The strength of our study is the comparison with a control population who were selected from patients within the health system based on age, gender, and timing of taking the sample. Despite insufficient and inconclusive evidence in the literature, there is a growing appreciation and basis to suggest that Vit D supplementation could represent an essential adjuvant treatment in active inflammatory patients who are also found to be deficient or insufficient of Vit D. The results of our study, despite its limitations, may provide some basis to support this hypothesis. Further intervention studies however are needed to prove a beneficial effect of Vit D supplementation among BD patients.

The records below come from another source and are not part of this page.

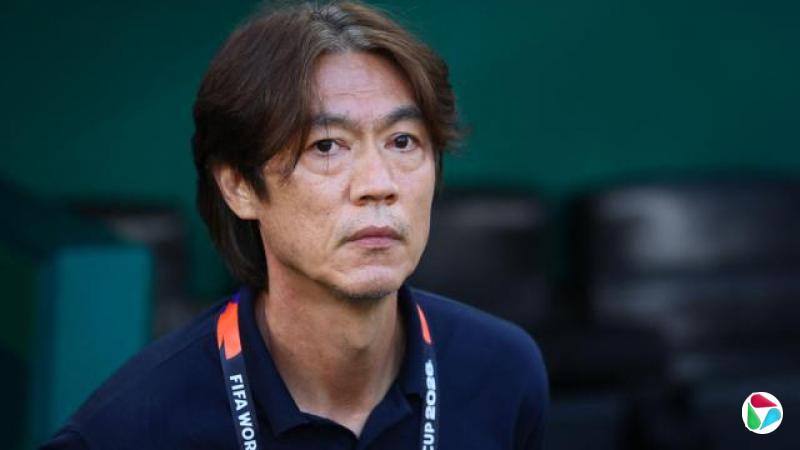 墨西哥蒙特雷FIFA世界杯A组南非对南韩赛事现场,韩国主教练洪明甫在球场观察(24/6/2026)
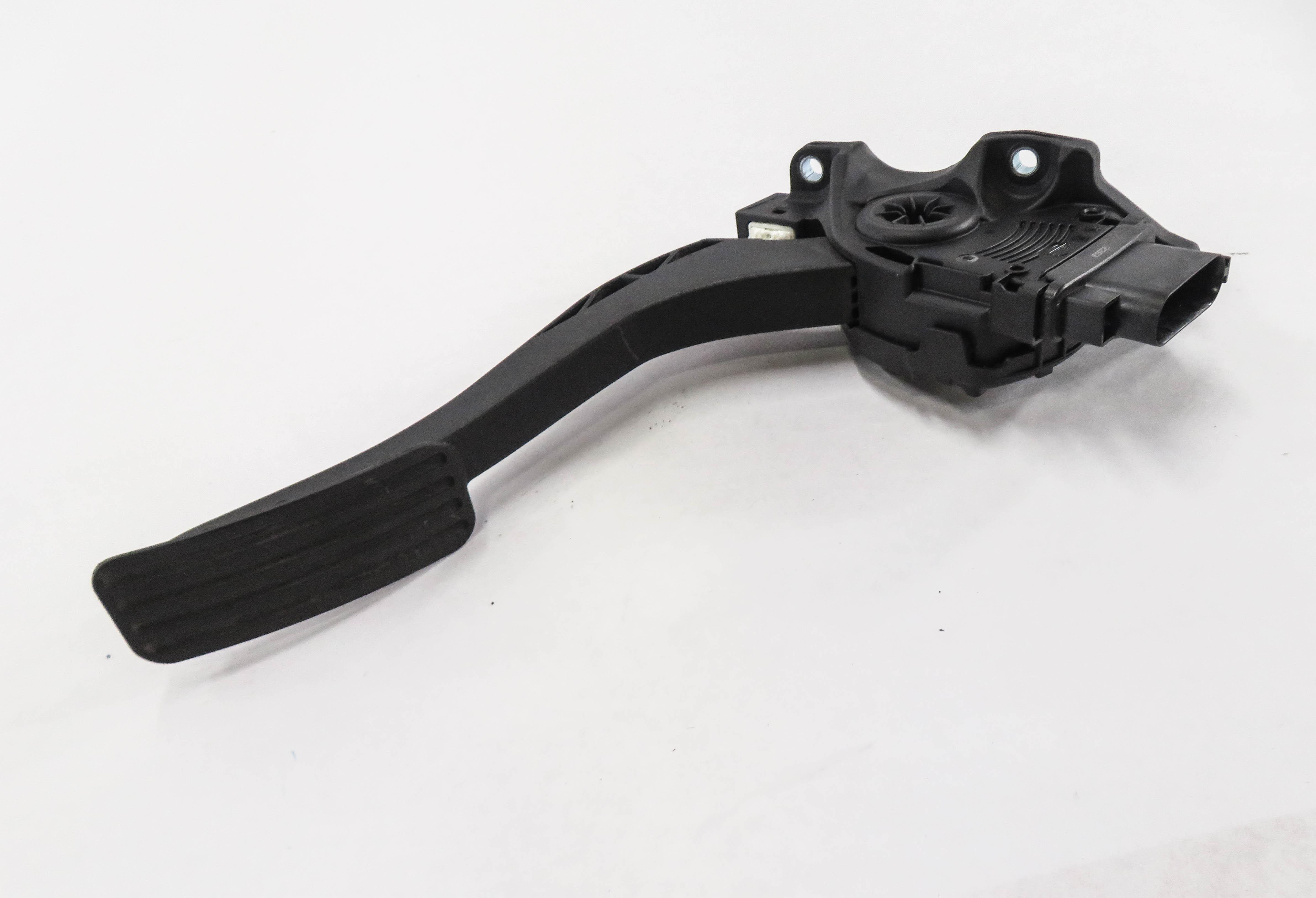2013 LAND ROVER LR4- GAS PEDAL FUEL THROTTLE ACCELERATOR FOOT PEDAL — exact item pictured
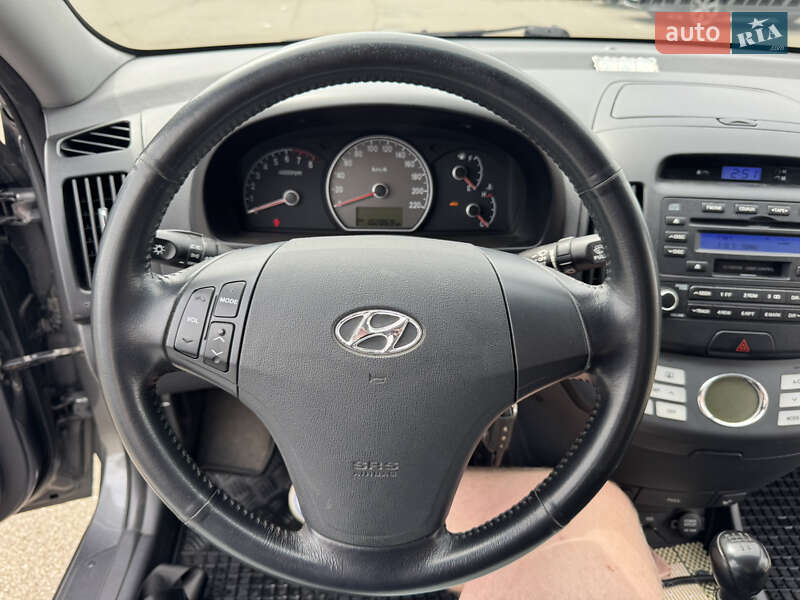 Седан Hyundai Elantra 2008 в Киеве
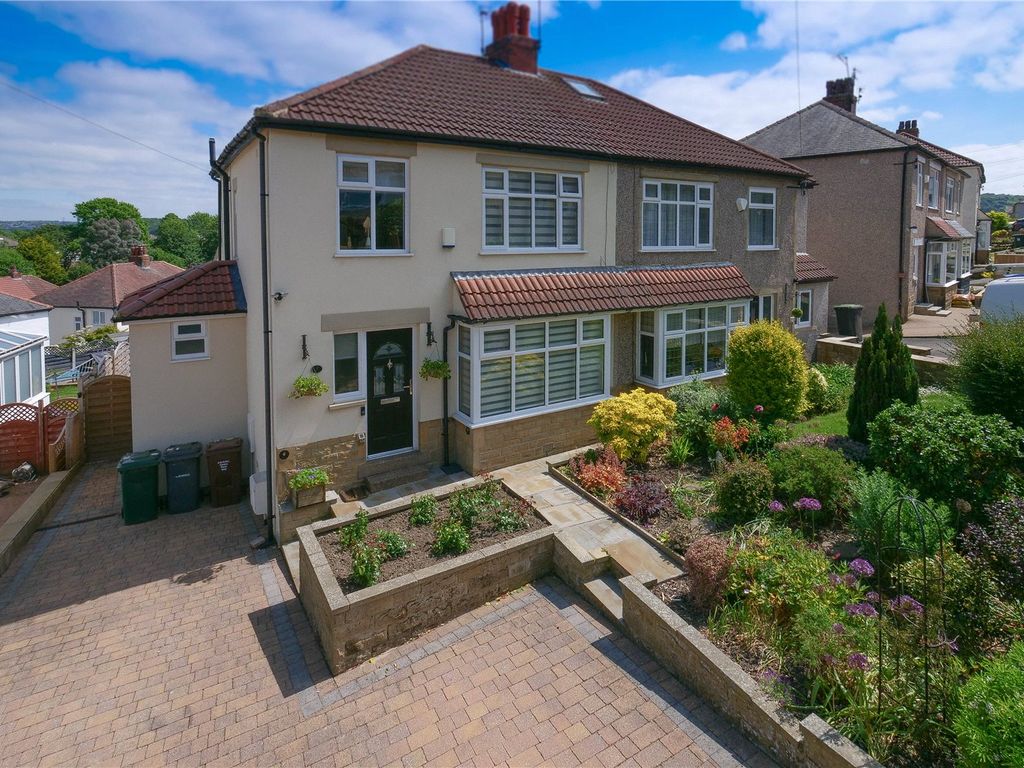 3 bed semidetached house for sale in Strathallan Drive, Baildon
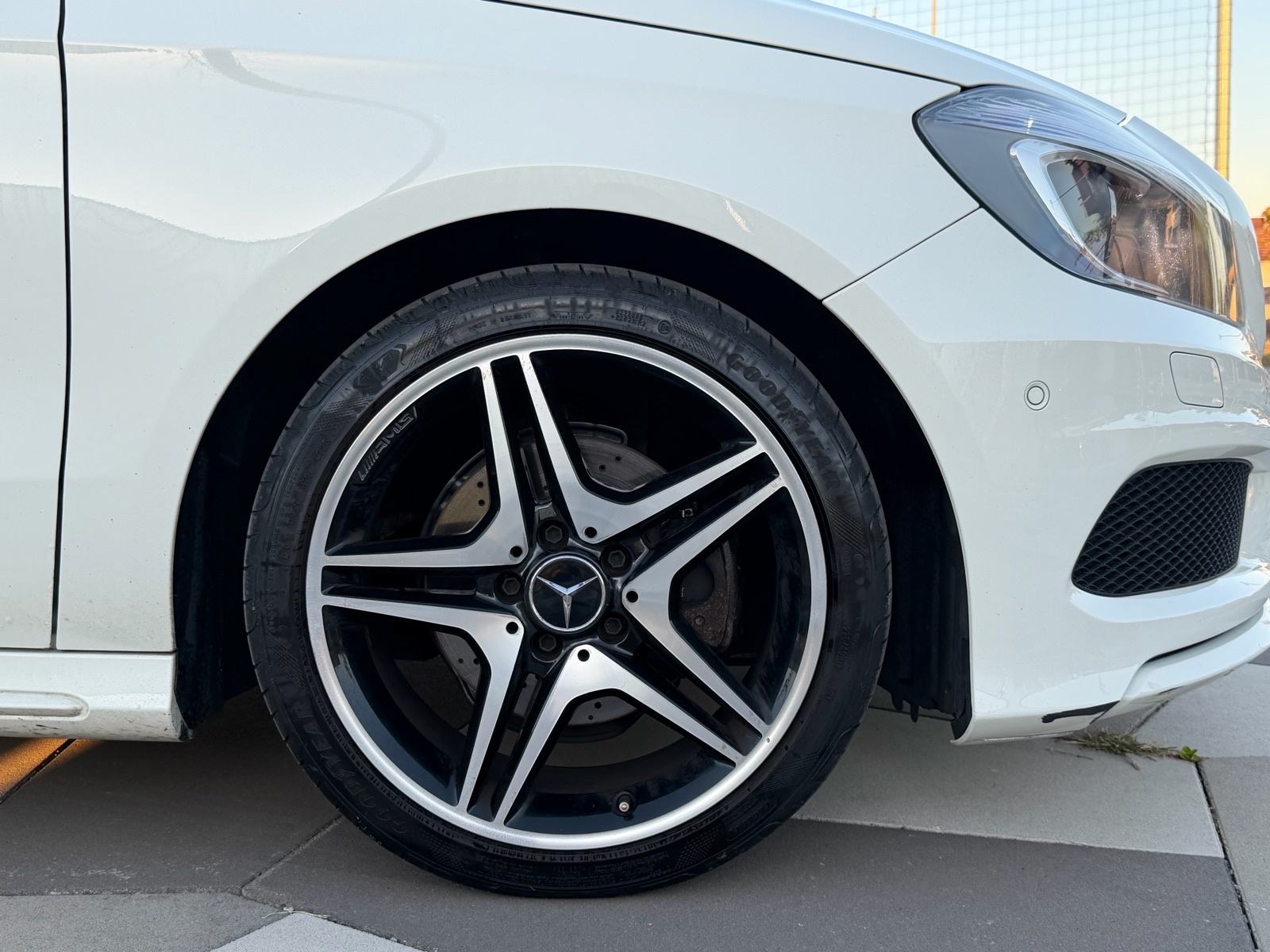 MERCEDES A200 AMG - PANO, XENON, AMBIENT, ALCANTARA, NAVI *97tkm*, fotografija 9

In summary, our study found evidence of elevated 25(OH)D levels in patients with BD compared to controls in the health system. Patients with BD were over 10-fold less likely to have Vit D deficiency adjusting for age, sex, and timing of blood samples. Vit D levels tended to be also lower among those with active disease than among those without. Our findings suggest that Vit D may be a potential suppressor of the inflammatory response in BD. The contribution of Vit D to the pathogenesis of BD and as a therapeutic intervention deserves further investigation. Studies of larger size are required to explore the hypothesis suggested here.


An earlier version of this work was presented as an abstract at the 17th International Conference on Behçet’s Disease on 15–17 September 2016 in Matera, Italy, and at the 37th European Workshop for Rheumatology Research on 2–4 March 2017 in Athens, Greece.

Conflicts of Interest

All authors have no conflicts of interest to report.